The EPO's task is to protect inventions by granting patents. It thus plays a pivotal political, economic and societal role for innovation, competitiveness and economic growth in Europe. Industrial society and its technological euphoria have long been supplanted by the knowledge-based society of the 21st century, where ever-shorter innovation cycles are increasing the pace of technological development, and where digitisation and globalisation are vital for economic success. As intangible business assets, patent exemplify this shift.
Patent databases provide access to rapidly developing technical knowledge, and signpost the innovations of tomorrow. Being open to what is new, willing to take risks, and persistent in R&D work - all this is reflected in the volume of patent filings and acts as a gauge for an economy's innovative potential. Being ahead of the curve and demonstrating that by displaying contemporary art - that is the idea underpinning art collection to this day.

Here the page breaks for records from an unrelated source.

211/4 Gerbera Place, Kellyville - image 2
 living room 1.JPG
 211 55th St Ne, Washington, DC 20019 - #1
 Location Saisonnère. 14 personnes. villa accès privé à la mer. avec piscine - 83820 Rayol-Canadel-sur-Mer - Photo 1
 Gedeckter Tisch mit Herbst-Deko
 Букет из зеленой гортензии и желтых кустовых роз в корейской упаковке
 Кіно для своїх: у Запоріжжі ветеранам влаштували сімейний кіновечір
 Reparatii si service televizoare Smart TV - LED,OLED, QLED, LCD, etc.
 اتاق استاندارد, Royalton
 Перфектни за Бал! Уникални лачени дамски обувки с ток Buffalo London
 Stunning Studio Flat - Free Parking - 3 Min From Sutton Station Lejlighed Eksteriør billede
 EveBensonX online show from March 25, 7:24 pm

The avant-garde traditions of contemporary art and the idea of progress as embodied by technical inventions are mutually enriching and lead to the discovery of new knowledge. Many of the artists whose works have been added to the collection over the decades have engaged with the EPO and questions of a scientific or technological nature or have adopted various methods from scientific practice. Questioning, analysing, discussing - the vast range of global technological knowledge offers ample opportunities for positioning the collection at the interface between art and science - whether these be associative, ironic, playful, consumerist, pop-cultural or purely aesthetic.
Machine-based aesthetics of the 1960s, kinetic light installations, op art and constructive works by international artists form the backbone of the collection. The predominance, in today's collection, of concrete, kinetic and constructive works and their later incarnations is by no means an accident. Since Theo van Doesburg and Max Bill, the purpose of non-representational art has been to symbolise the vision of a new, sophisticated, science-based world order through exact and calculable techniques. This is achieved through simple pictorial compositions based on geometric forms such as circles, triangles, cuboids or orthogonal grid patterns and using carefully selected colour tones. The progressive mind essentially sees the world in terms of numbers and mathematical proportions and therefore needs science-based art to represent this idea of progress. Affinity to science and technology is reflected in the conceptual and post-minimalist art movements of today, which take up avant-garde ideas of intellectualising artistic thought and express them in a wide variety of forms.
Artists seismographically anticipate change in society, and develop new ways of looking at the world. Having engaged with the world of commerce and economics, they enjoy showcasing industrial processes in the works they produce; teamwork replaces artistic genius and the resulting creations resonate with references to commodity aesthetics, consumption, design or architecture. The ambiguities that may arise in the spatial context selected are the results of deliberate curatorial decisions, and sometimes endow the works with an entirely new semantic syntax. Their presentation in the workplace provides a special kind of stimulation. Alongside established names that lend prestige to the collection, the EPO also supports up-and-coming artists who are particularly adept at expressing avant-garde ideas, a forward-looking mindset, curiosity about the new and openness to change and transformation. It is also fascinating to see how the design and functions of the EPO buildings influence the curatorial approach, and provide a source of creative stimulation.